The environmental determinism angle here is really compelling, especially how harsh winters selected for emotional restraint over expressiveness. What I find most interesting is how Protestant work ethic didnt just shape economics but fundamentally rewired social bonds. Living in a culture with high individualism now, I see how ancestral survival strategies still echo in modern interaction patterns. The generational trauma framing is spot-on tho because these aren't just cultural quirks but inherited coping mechanisms.

Cheery's avatar

Very cool article! ...or warm? Anyways, I was wondering if you had a source list for this? It would be nice to see where you got your information and inspiration from 😁

Frans Zantvoort's avatar

Somewhat surprised, being a North-European. Have had many good and genuine discussions with fellow-Europeans. In my experience the Americans are very superficial: big smile, how are you? But don't tell them you're feeling rotten, if by chance. Very superficial, no deeper talks. And the chances you will get invited to their homes, close to nil. Avoid discussions over politics, not possible. Find out which party they have voted first!

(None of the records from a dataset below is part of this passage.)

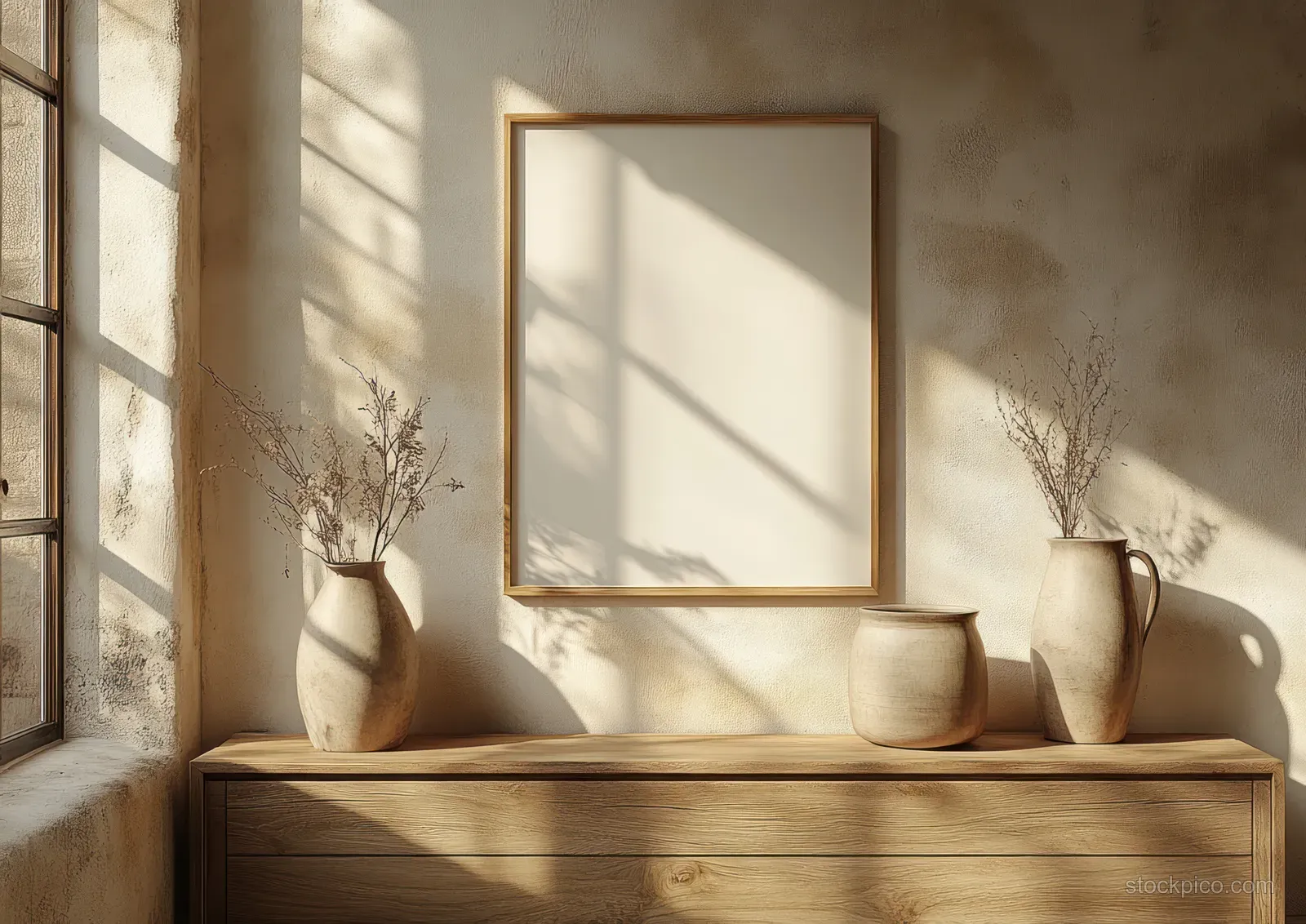 Minimalist wooden dresser in a Scandinavian interior with framed artwork, vases, and sunlight casting shadows.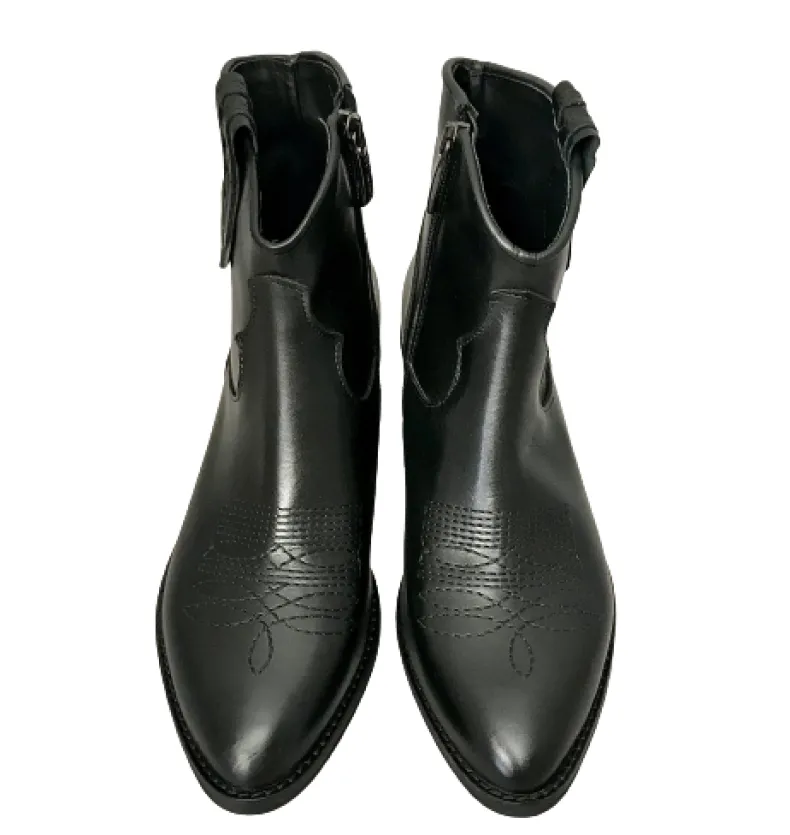 Texan Handcrafted In Low Black Leather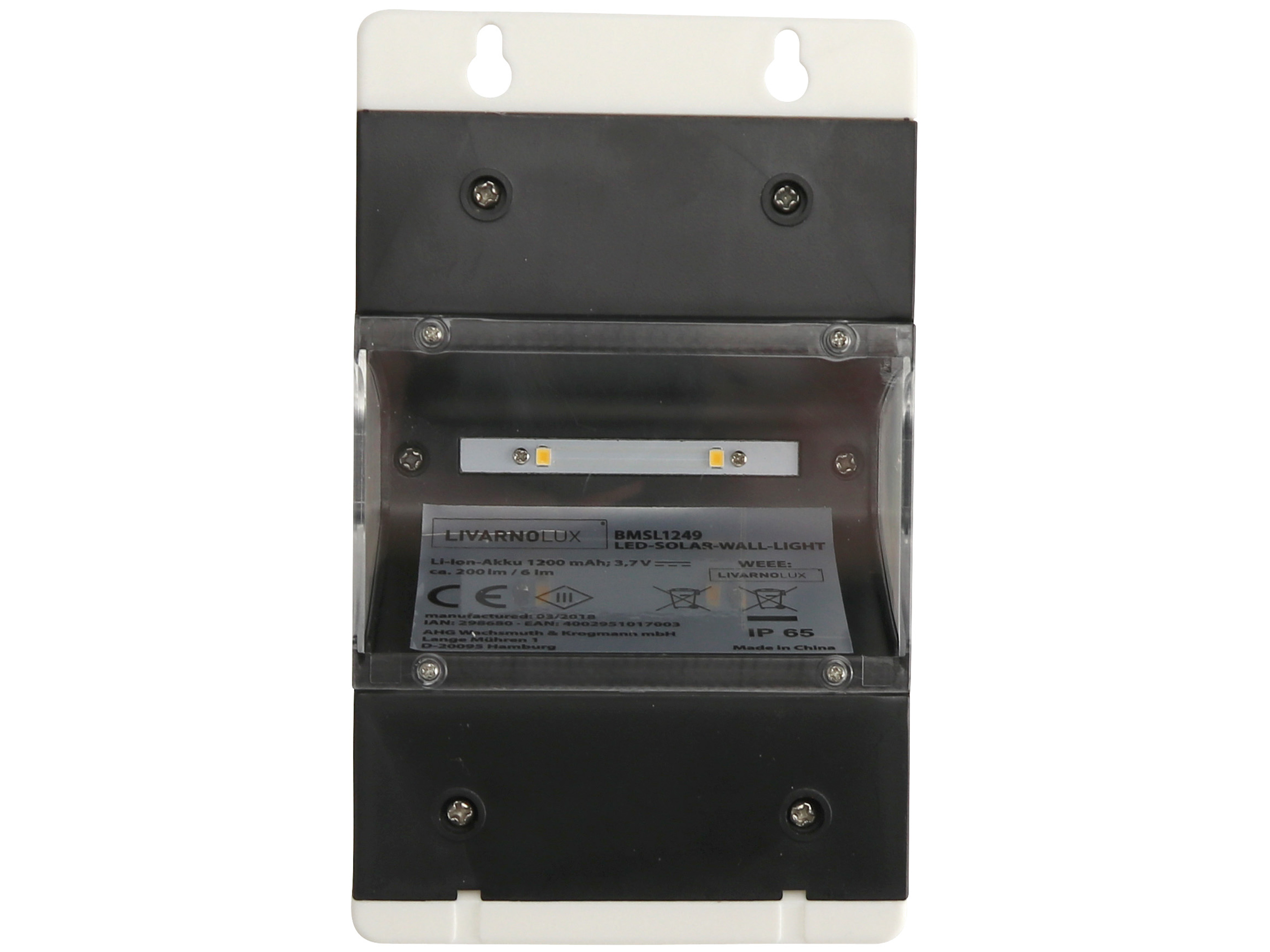 LED-Solarwandleuchte, mit Bewegungsmelder, 200 lm LED-Solarwandleuchte, BMSL1249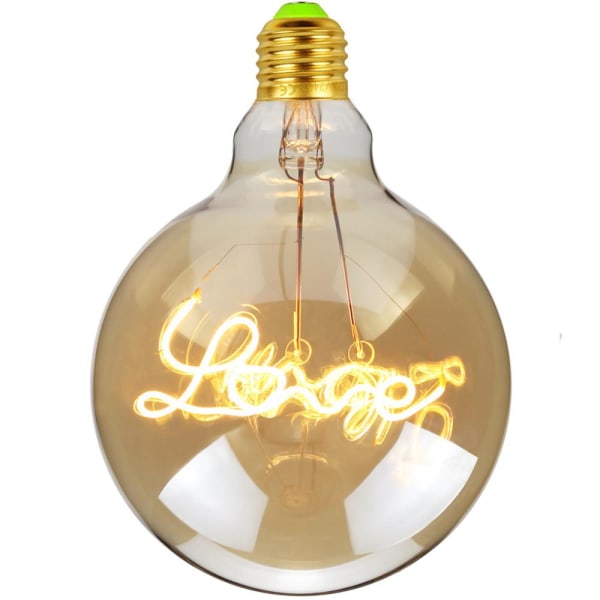 Edison LED-pære 4W, E27-skruepære Retro LED Love Filament Glas Antik Lampe Gør Smukt Design (G125 Love)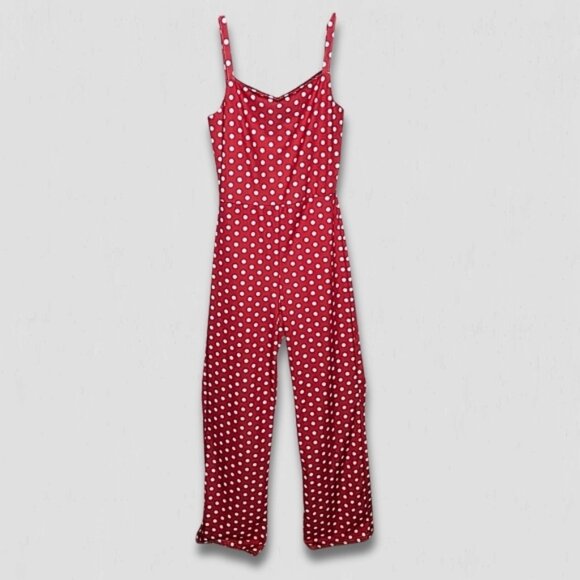 Vintage Y2K Polka Dot Jumpsuit Wide Leg Pull-On Stretchy Disney Red White sz S - Picture 1 of 13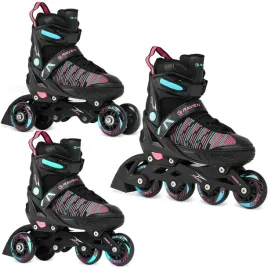 rolki-wrotki-3w1-regulowane-raven-cande-black-blue-pink-35-39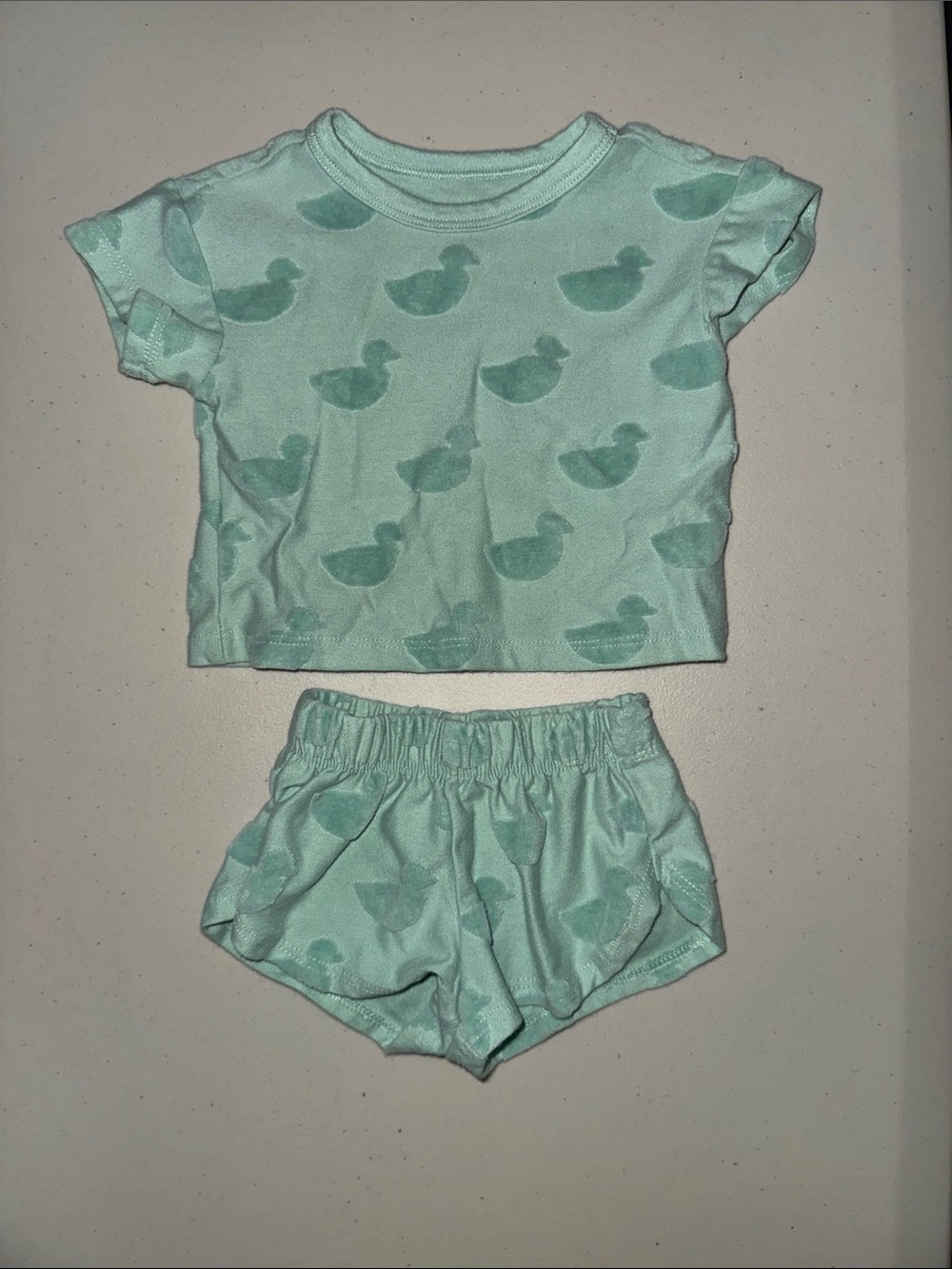 cloud island Mint Duck Pajama Set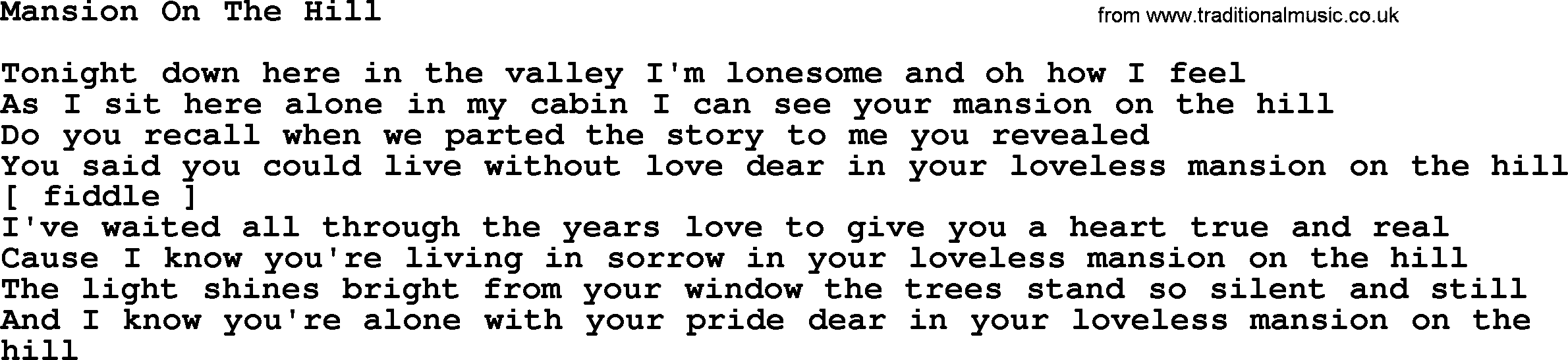 George Jones song: Mansion On The Hill, lyrics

Tanner the Humanist's avatar

I get what you mean. I could have brought up how Americans can come across as superficial to Europeans, especially with the cheesy smile, but I didn’t want to distract from the main point. That’s probably a conversation for another time. I know exactly the feeling you’re describing—spend a day with an American, feel like you’ve made a new friend, and then nothing comes of it. The next time you meet, there’s no continuity, no real sense that a connection was made.

I lived in Sweden for about three years, and I found Swedes much easier to connect with than, say, Germans or the Dutch. That said, the emotional restraint is in the Nordics to a degree, too.

The Dutch, for instance, are so adept at managing their emotions that it’s easy to overlook the fact they can be hurt, unless you make a conscious effort to remember they have feelings like anyone else and shouldn’t be dehumanized in your mind.

All that said, we’re all human. Once people get to know each other—especially in private—they open up and form bonds in all kinds of settings. The pain of losing a loved one, the satisfaction of an achievement, and the emotional chaos of a breakup are all universal experiences.

What I’m referring to is a general cultural impression. For example, when you watch a British true-crime show and see a mother talking about the violent rape and death of her daughter, she often sounds almost neutral, as if she were the reporter rather than the victim’s family. To outsiders, that emotional restraint can be striking—even unsettling—if you’re not used to it.